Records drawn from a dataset
-.-.-

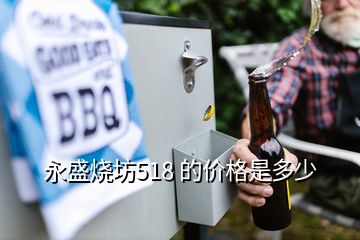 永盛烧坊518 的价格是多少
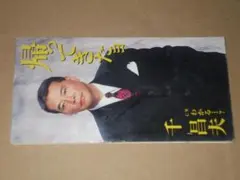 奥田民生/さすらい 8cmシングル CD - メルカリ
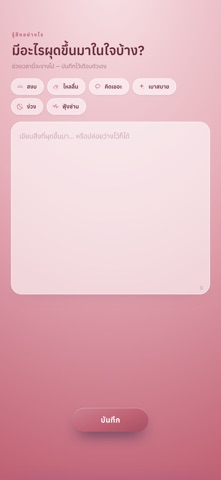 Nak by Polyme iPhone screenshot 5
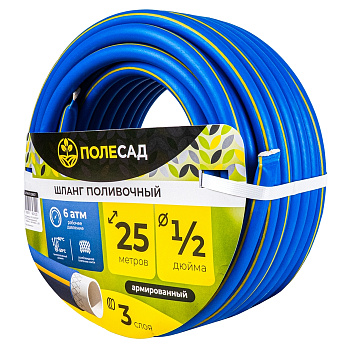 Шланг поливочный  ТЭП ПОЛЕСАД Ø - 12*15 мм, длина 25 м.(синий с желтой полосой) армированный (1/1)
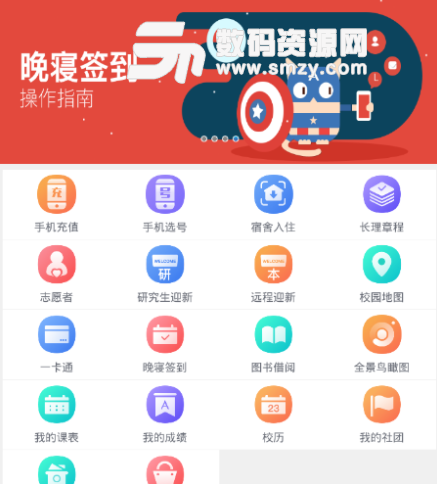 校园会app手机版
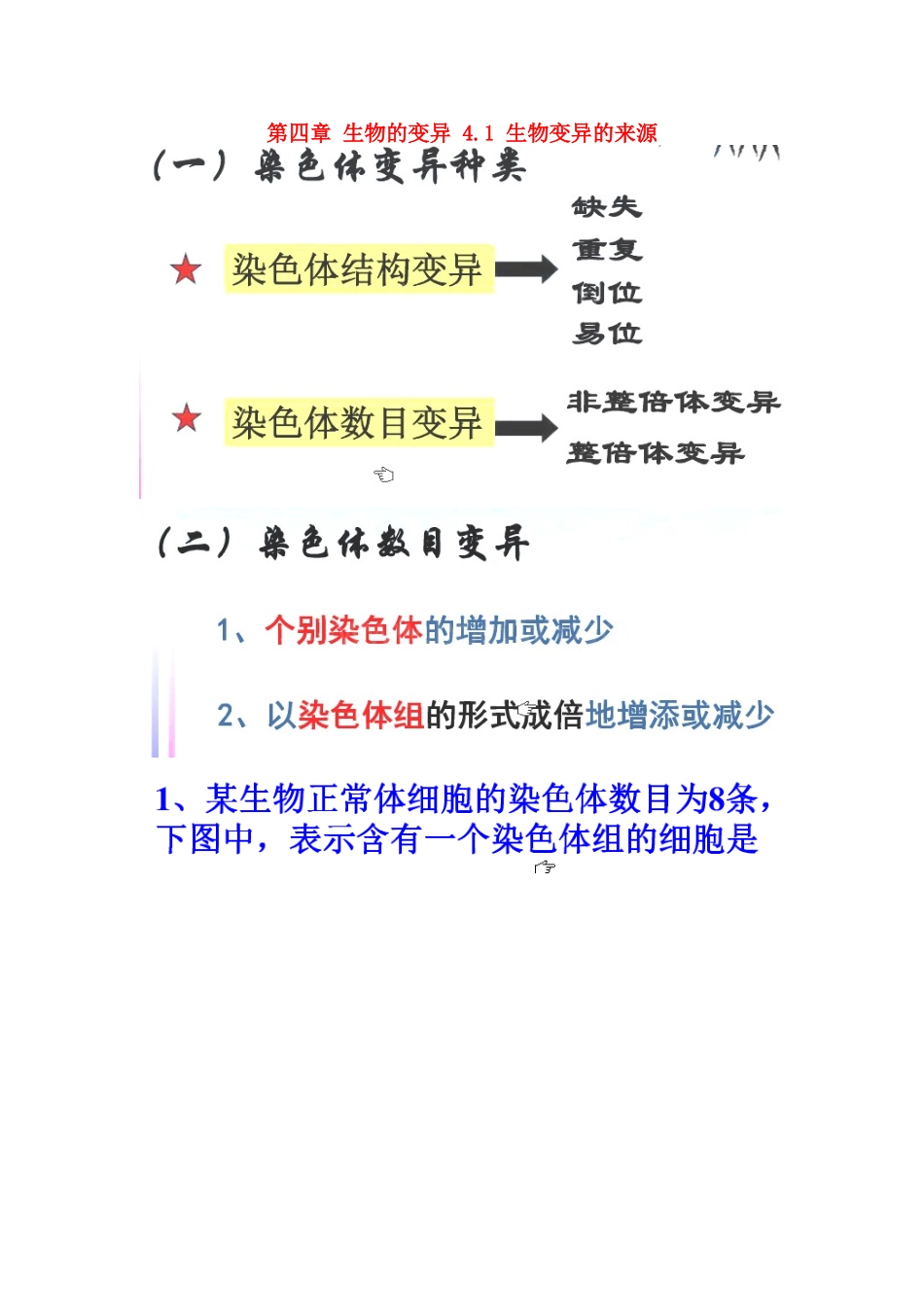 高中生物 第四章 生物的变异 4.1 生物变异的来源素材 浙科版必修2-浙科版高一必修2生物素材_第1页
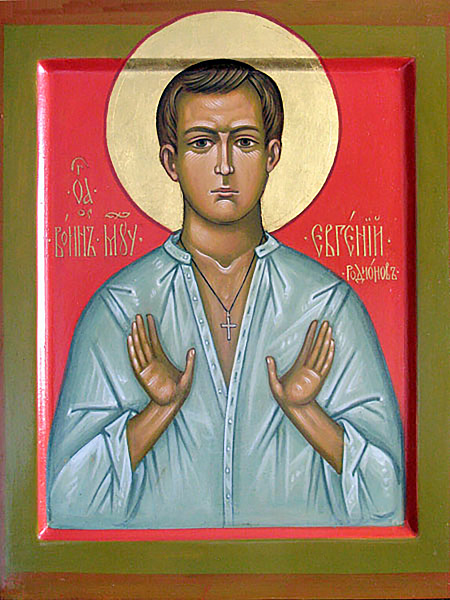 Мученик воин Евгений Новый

-.-.-

◆ What is required ◆
Set down the entries word for word, omitting all pictures.

◆ Task result ◆
 永盛烧坊518 的价格是多少
 奥田民生/さすらい 8cmシングル CD - メルカリ
 Nak by Polyme iPhone screenshot 5
 Шланг поливочный  ТЭП ПОЛЕСАД Ø - 12*15 мм, длина 25 м.(синий с желтой полосой) армированный (1/1)
 校园会app手机版
 高中生物 第四章 生物的变异 4.1 生物变异的来源素材 浙科版必修2-浙科版高一必修2生物素材_第1页
 Мученик воин Евгений Новый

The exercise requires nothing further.